Who should not get a flu vaccine?
- Children younger than 6 months of age are too young to get a flu shot.
- People with severe, life-threatening allergies to any ingredient in a flu vaccine (other than egg proteins) should not get that vaccine. This might include gelatin, antibiotics, or other ingredients.
- People who have had a severe allergic reaction to a dose of influenza vaccine should not get that flu vaccine again and might not be able to receive other influenza vaccines. If you have had a severe allergic reaction to an influenza vaccine in the past, it is important to talk with your health care provider to help determine whether vaccination is appropriate for you.
Common Flu Signs and Symptoms
Flu signs and symptoms usually come on suddenly. People who are sick with flu often feel some or all of these symptoms:
- Fever*/feeling feverish or chills
- Sore throat
- Runny or stuffy nose
- Muscle or body aches
- Fatigue (tiredness)
- Some people may have vomiting and diarrhea, though this is more common in children than adults.
*It’s important to note that not everyone with flu will have a fever.
What actions can be taken to prevent flu?
- The CDC recommends a yearly flu vaccine as the first and most important step in protecting against flu viruses.
- Flu vaccines help to reduce the burden of flu illnesses, hospitalizations and deaths each year.
- This season, all flu vaccines will be designed to protect against the four flu viruses that research indicates will be most common.
- Vaccination of people at higher risk of developing serious flu complications is especially important to decrease their risk of severe flu illness.

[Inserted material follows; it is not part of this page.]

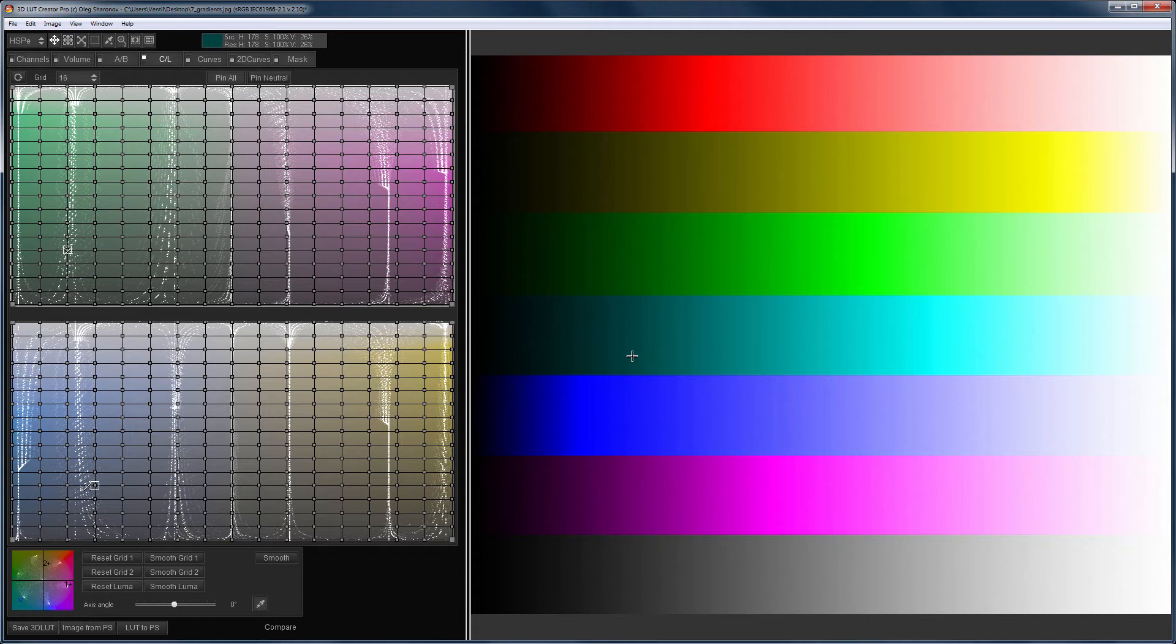Hi, in this video I will talk about the CL Color Grids basics in 3D LUT Creator.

- People at higher risk of serious flu complications include young children, people with certain chronic health conditions like asthma, diabetes or heart and lung disease, and people 65 years and older.
- Vaccination also is important for health care workers, and other people who live with or care for people at higher risk to keep from spreading flu to them. This is especially true for people who work in long-term care facilities, which are home to many of the people most vulnerable to flu.
- Children younger than 6 months are at higher risk of serious flu illness but are too young to be vaccinated. People who care for infants should be vaccinated instead.
- Take everyday preventive actions that are recommended to reduce the spread of flu.
- Avoid close contact with people who are sick.
- If you are sick, limit contact with others as much as possible to keep from infecting them.
- Cover coughs and sneezes.
- Cover your nose and mouth with a tissue when you cough or sneeze. Throw the tissue in the trash after you use it.
- Wash your hands often with soap and water. If soap and water are not available, use an alcohol-based hand rub.
- Avoid touching your eyes, nose, and mouth. Germs spread this way.
- Clean and disinfect surfaces and objects that may be contaminated with viruses that cause flu.